Kepala SPPG Sedulur Sewu bersama perwakilan Dinas Kesehatan, Balai Pengawas Obat dan Makanan (BPOM), Dinas Pendidikan, Kodim, serta kepolisian mendatangi sekolah penerima program untuk memastikan kondisi makanan. Pihak sekolah, melalui kepala sekolah, menyatakan bahwa makanan dalam keadaan baik dan telah disantap oleh siswa.
Mad Khotib, perwakilan SPPG, mengatakan persoalan yang menimbulkan keluhan muncul akibat miskomunikasi. Menurut dia, makanan dikirim sesuai permintaan sekolah pada pagi hari untuk jatah makan pagi dan siang. Namun, pihak sekolah terlambat menyimpan makanan siang sehingga terpapar terik matahari cukup lama.
“Masalahnya bukan pada kualitas masakan, melainkan teknis penyimpanan.

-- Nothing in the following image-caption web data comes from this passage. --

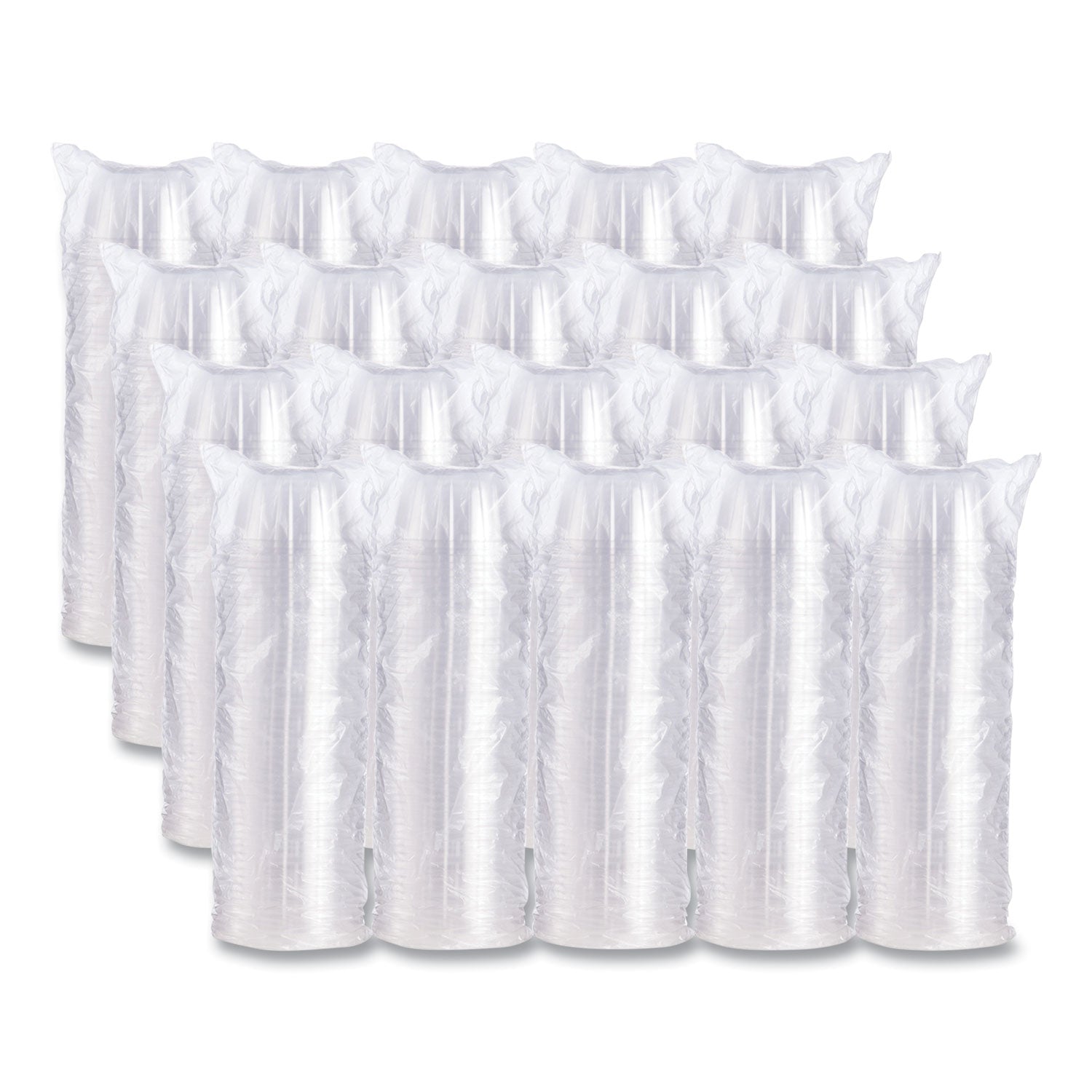 D-T Sundae/Cold Cup Lids, Fits 6, 8, 12 oz Foam Cups, Clear, 50/Pack, 20 Packs/Carton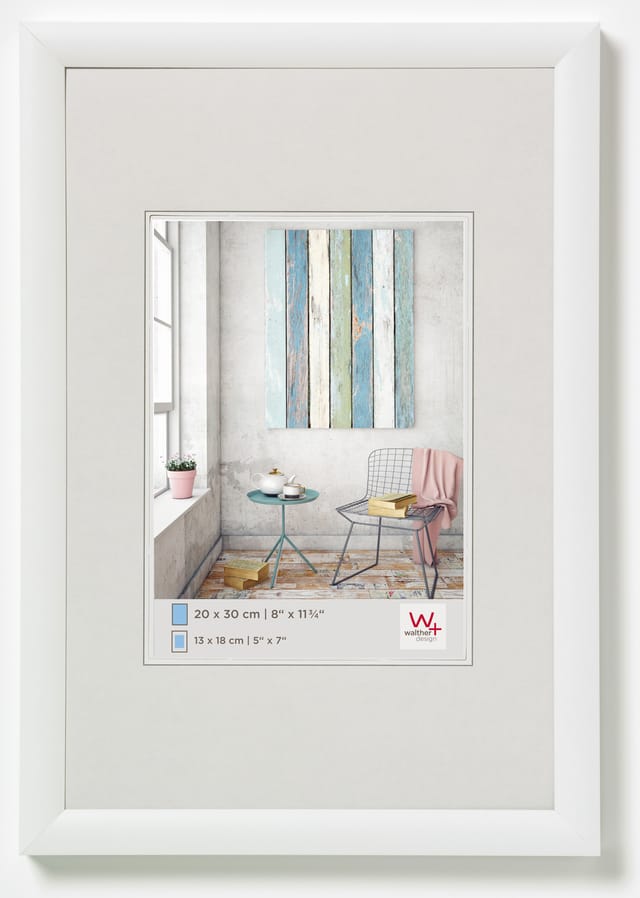 walther design Trendstyle Kunststoff Bilderrahmen 50x70 cm Weiss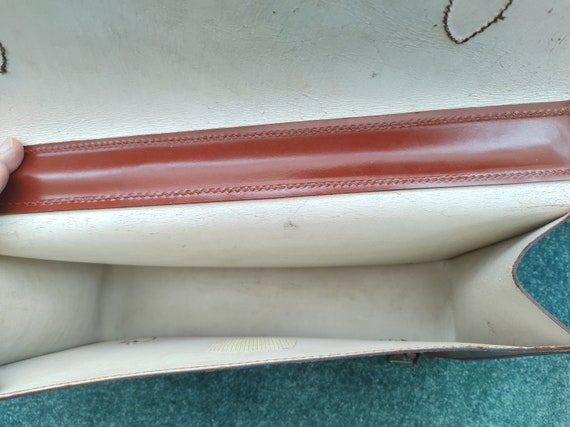 Medium Brown / Chestnut Vintage Leather Briefcase… - image 9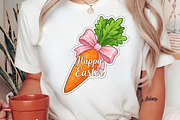 Happy Easter Carrot PNG, an Illustration by Libby Wishes (Thumbnail 5 of 6)
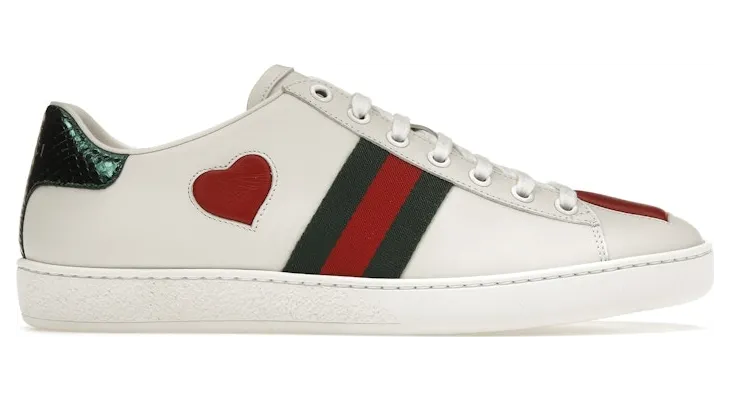 Gucci Ace Embroidered Hearts (W)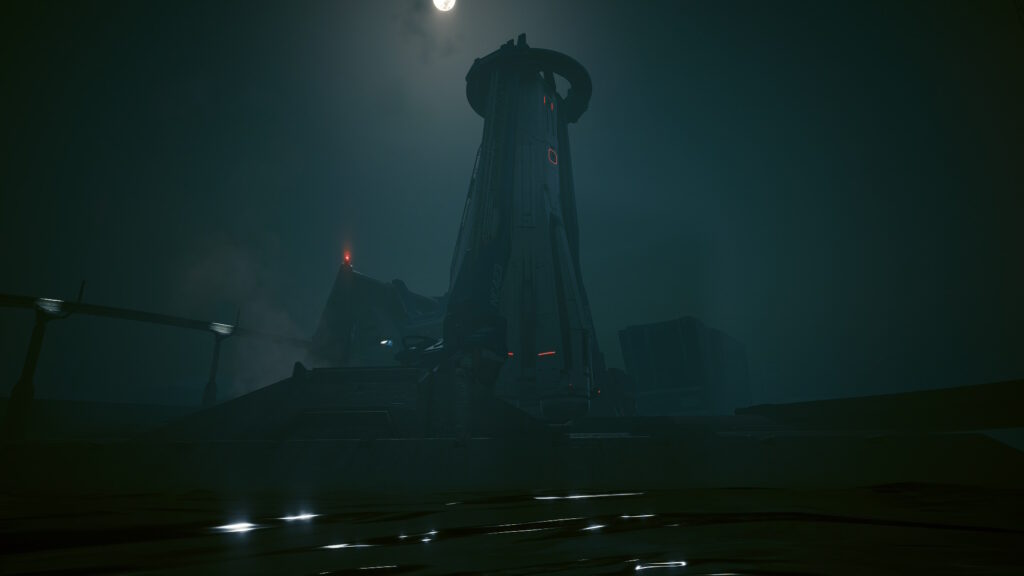 Another launching pad, this time loaded with a huge starship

Guru yang menerima makanan lupa memasukkannya ke dalam ruangan, sehingga kotak makanan dibiarkan di luar,” kata Mad Khotib, Sabtu (30/8/2025).

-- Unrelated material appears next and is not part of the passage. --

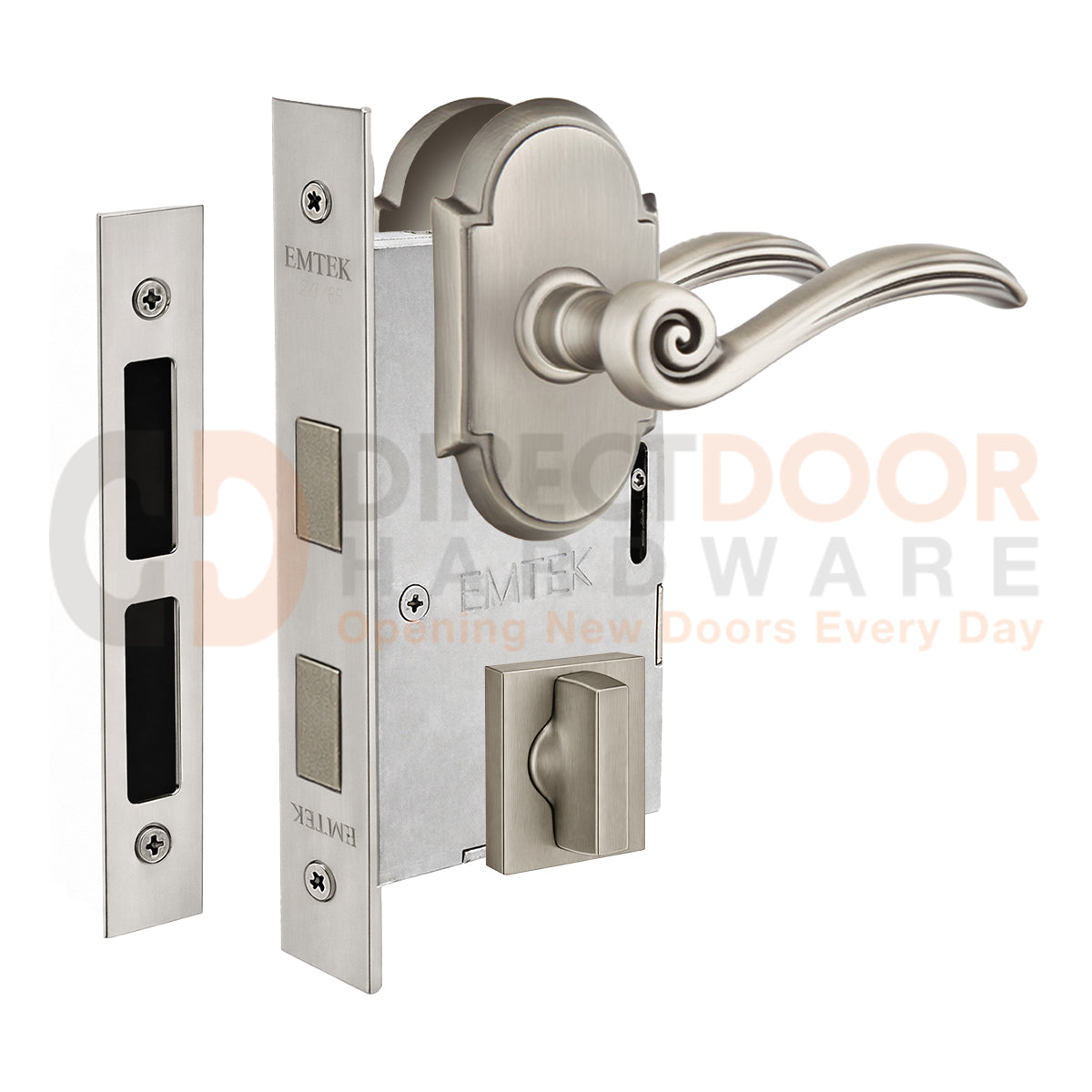 Emtek Elan Interior Mortise Lever with #8 Rosette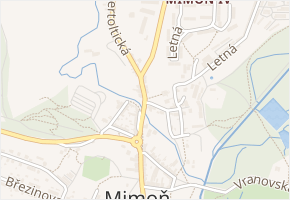 Lužická v obci Mimoň - mapa ulice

Ia menambahkan, makanan yang terlalu lama terpapar panas berisiko mengalami perubahan cita rasa, tekstur, hingga kandungan gizinya. Kondisi itu dapat menurunkan kualitas sajian meskipun bahan dan proses memasak sudah sesuai standar.
SPPG Sedulur Sewu menyatakan akan melakukan koordinasi lebih ketat dengan pihak sekolah untuk mengantisipasi kejadian serupa. Mad Khotib menegaskan lembaganya tetap berkomitmen menjaga standar penyajian makanan bergizi sesuai arahan pemerintah.